Anyway as Jim sat on both boards and managed to sell the DCC shares just before things bottomed out there seemed to be questions to answer. The Fyffes shares fell 25% and a fall of 10% is regarded as enough to examine if there was insider training.
Fyffes made a complaint and An Garda, the Stock Exchange and the Director of Public Prosecutions all had a look in. But the wheels of justice move slow and more so when it comes to company wrong doings. The case did not get to the high court until 2007 when the High Court commented "To trade on the use of inside information is recognised for what it is. It is a fraud on the market. The insider who exploits his access to the special knowledge he enjoys for the purposes of the company in his capacity as executive or director of a company commits a crime."
But the High Court found in DCC's favour. On to the Supreme Court then and a different view of things. The Supreme court found that a serious offence had taken place. The law had been broken. DCC paying out €44 million emphasised the fact.
This would appear to be a clear cut case then surely? Well no of course not. In murky waters nothing is clear. A High court inspector was appointed to review things and his report has just been issued.
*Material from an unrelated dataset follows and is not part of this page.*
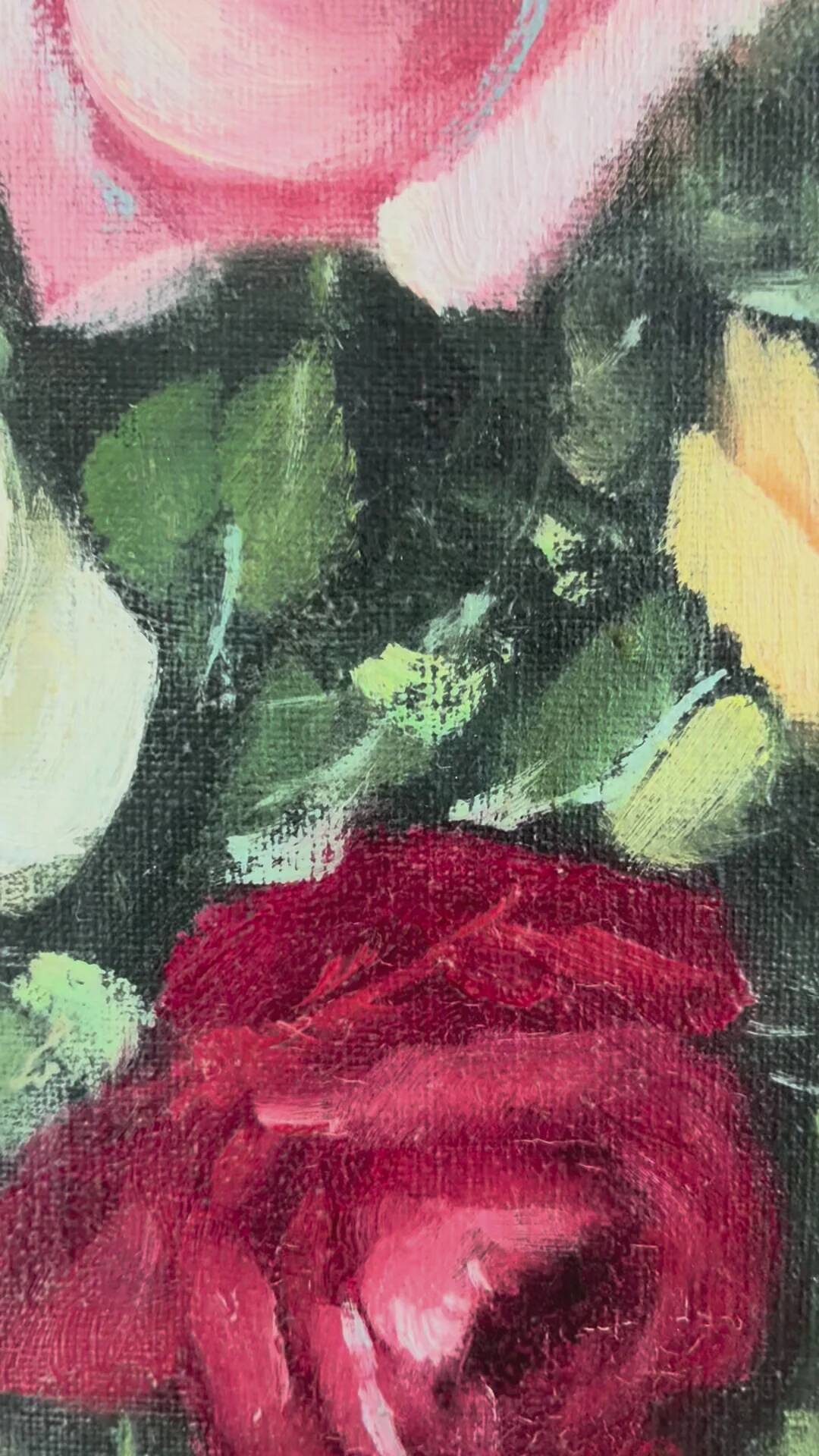 Vintage original floral rose oil painting, signed flower art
The Inspector's report confirms the law was broken, but only by accident. The key idea was that DCC had advice to the effect that their actions were within the law. This was good enough for the Inspector. The Irish Times noted that "If – as now appears the case – the paid-for advice of a lawyer replaces the onus on an individual to act in a moral fashion, then corporate law will continue to be broken as long as there is a lawyer prepared to venture an opinion."
Further noting "The Supreme Court has found that a very serious offence has taken place, but the various agencies of the State, ranging from the Garda through the Director of Public Prosecutions, the Financial Regulator and now to the ODCE can't or won't seek any sanction against the company or the individuals involved."
And sure why would they?
But what about this Director of Corporate Enforcement guy - Appleby. Is he a toothless wonder or someone stymied by the rule book from doing good. Who knows? But documents revealed under the Freedom of Information Act to RTÉ in 2007 showed that he had been seeking more resources since 2005 and considered the staffing he had to be "wholly inadequate". He wanted 20 more staff, including more gardaí.
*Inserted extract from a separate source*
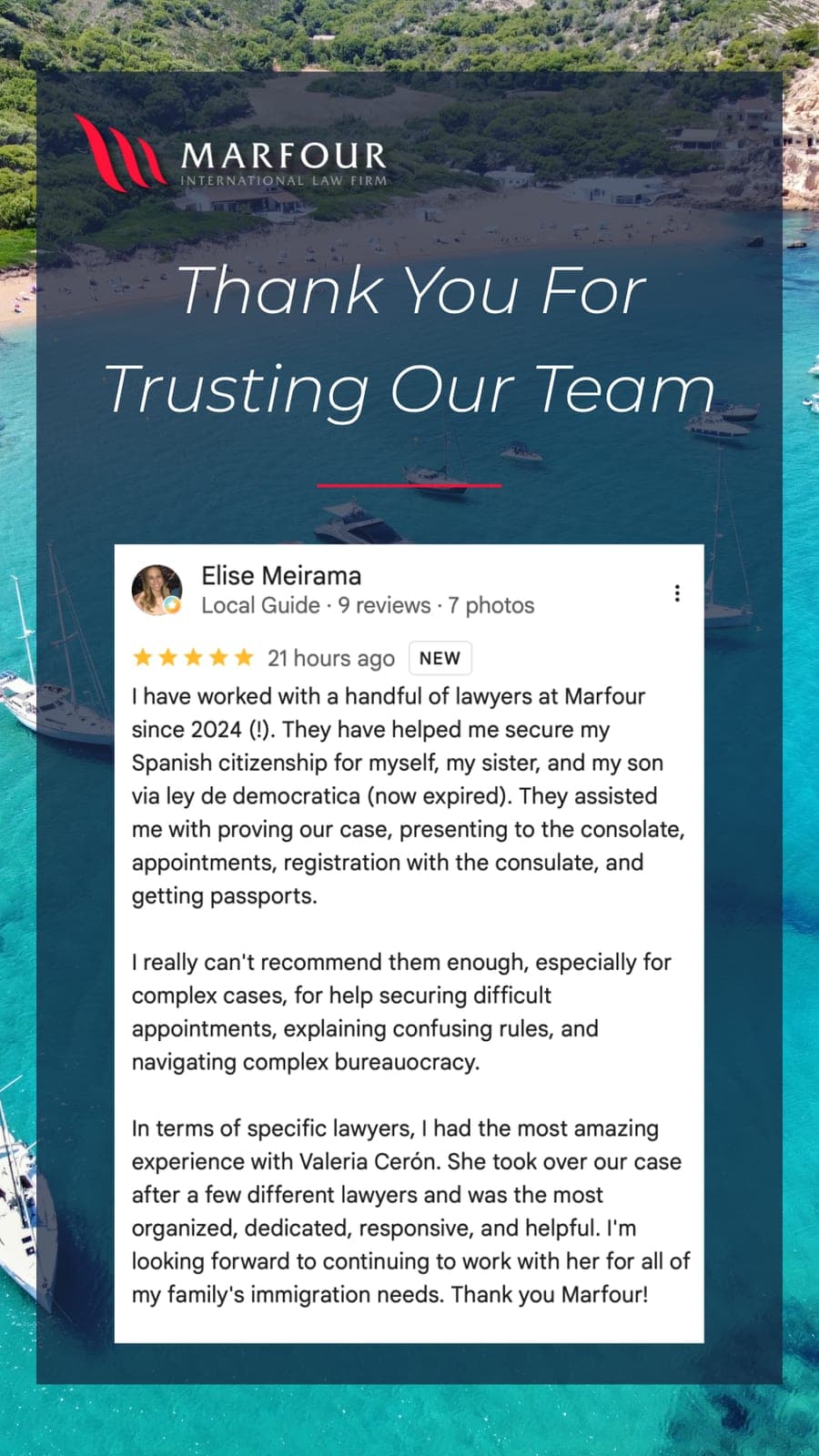 Story: client testimonial, Thank you for trusting our team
When the matter was raised in the Dáil, the grafter in chief, Bertie Ahern, seemed to become annoyed. "It is not that Mr Appleby's work is not considered important . . . He has 36 , so it seems extraordinary that he could want another 20 . . . One would not receive such an increase in any department . . . He will have to wait his turn." And while he got a few extra positions shortly thereafter did he receive the amount of folks he needed. Considering the free wheeling culture in Corporate Ireland it would appear that no he did not.
How free wheeling this state's corporate world acts is further shown by how DCC sold off the Fyffes shares. The used a foreign based shell company to sell off 31.2 million shares. This little trick allowed them avoid €17 million in taxes on its profits. But the High Court inspector said no Irish laws were broken in the process and Appleby's criticisms were misguided
And what about that Euro 17 million in unclaimed taxes. Is there a job there for revenue?
€17 millions is a significant sum. The average price of school books in the south is €390. 17,000,000 in tax is free books then for 43,589 kids. Roughly the poorest 10% of pupils could have the costs of their books covered for them for a year with that money. Money which poor regulation, weak company law, and ineffectual oversight cost the southern state.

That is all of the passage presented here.